Analysts say the housing sector is the lone dark spot in the US economy, and is unlikely to contribute to GDP growth this year.
Total sales of existing single-family homes, townhouses, condos and co-ops held at an annual rate of 5.34 million units, seasonally adjusted, the same as July, which was the lowest in nine months. 
Economists had predicted a small increase.
Sales were 1.5 percent below August of last year.
‘Strong gains in the Northeast and a moderate uptick in the Midwest helped to balance out any losses in the South and West, halting months of downward momentum,’ NAR Chief Economist Lawrence Yun said in a statement.
‘With inventory stabilizing and modestly rising, buyers appear ready to step back into the market.’

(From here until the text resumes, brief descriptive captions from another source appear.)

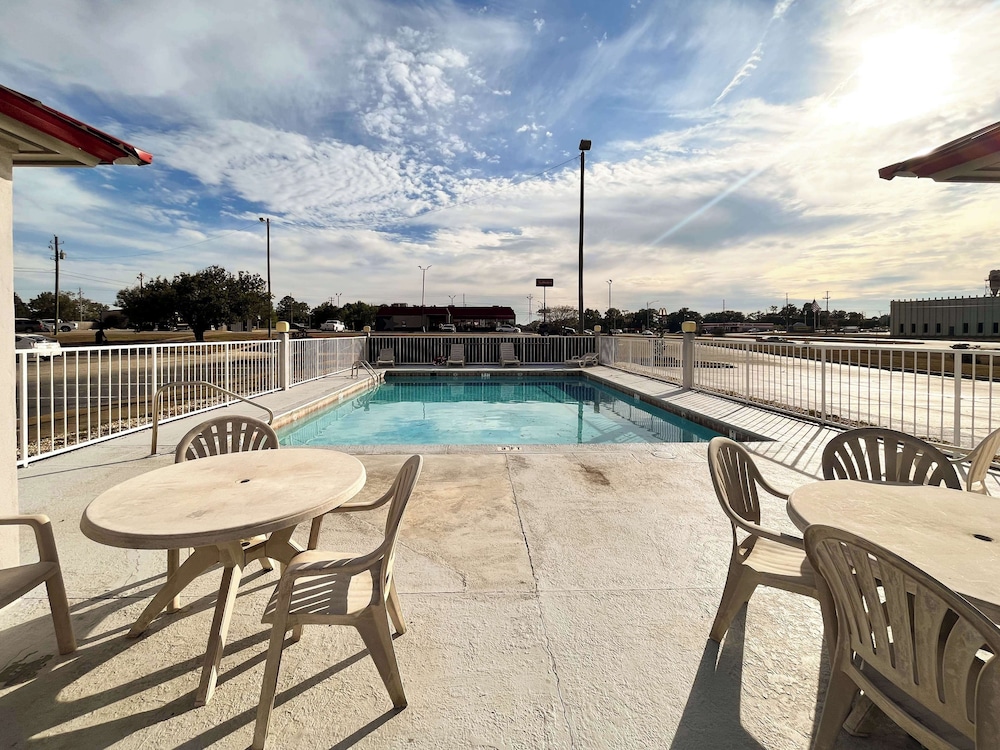 Motel6 Abbeville, AL 32/36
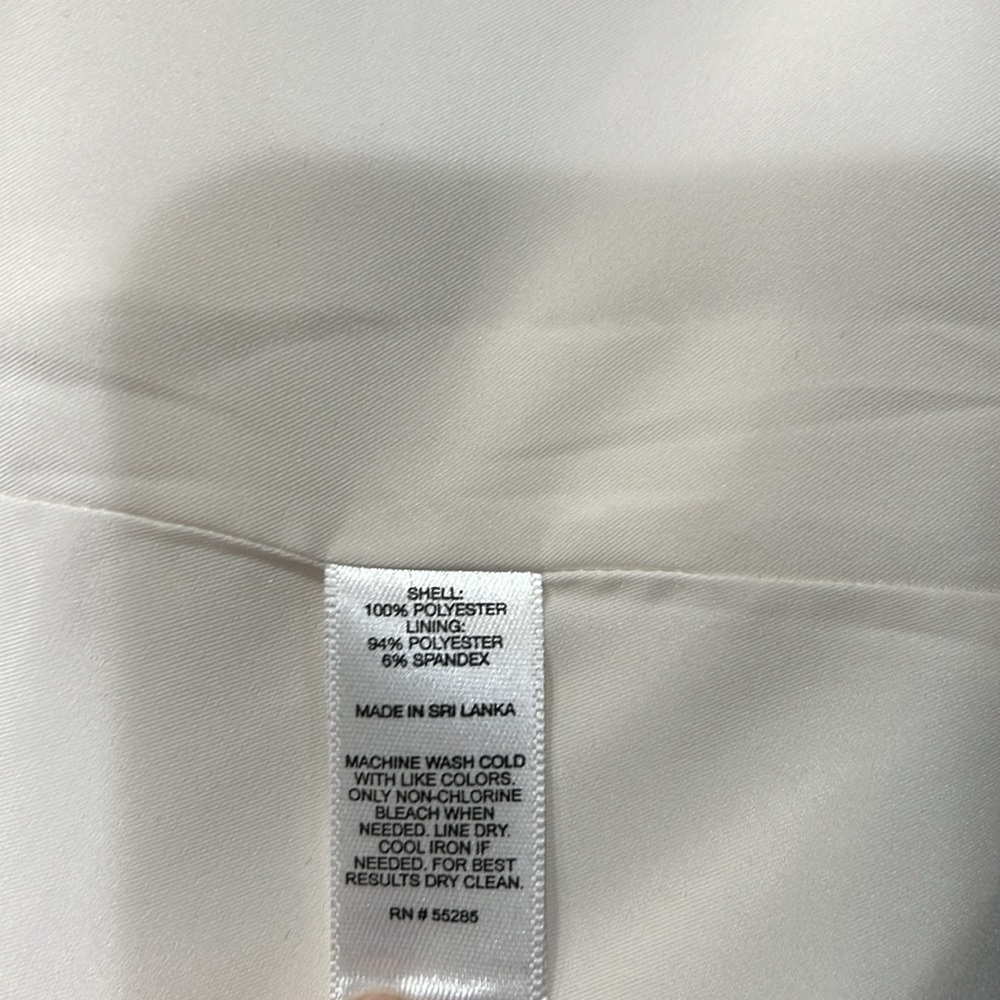Express - White Satin Effect Tuxedo Blazer - Size 10 - Picture 8 of 11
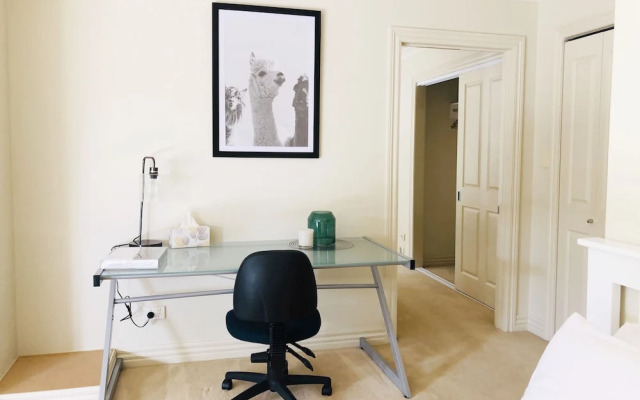 Boutique House with Endless Views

The median price rose 4.6 percent over August of last year to $264,000, marking the 78th straight month of increases.
The inventory of available homes for sale was unchanged from July at 1.92 million, up from 1.87 million a year earlier and representing a supply of 4.3 months at the current sales pace.
Economists say rising material costs and a labor shortage have held down construction, constraining already tight supplies and making homeownership less affordable just as mortgage rates rise and as Congress reduces income tax deductions for local property taxes.
Ian Shepherdson of Pantheon Macroeconomics said despite the pause in the downward sales trajectory last month, there was ‘nothing to suggest that a sustainable recovery is likely anytime soon.’
‘Single-family sales, which account for 89 percent of the market, have been below their year-ago level for the past eight straight months,’ he said in a client note.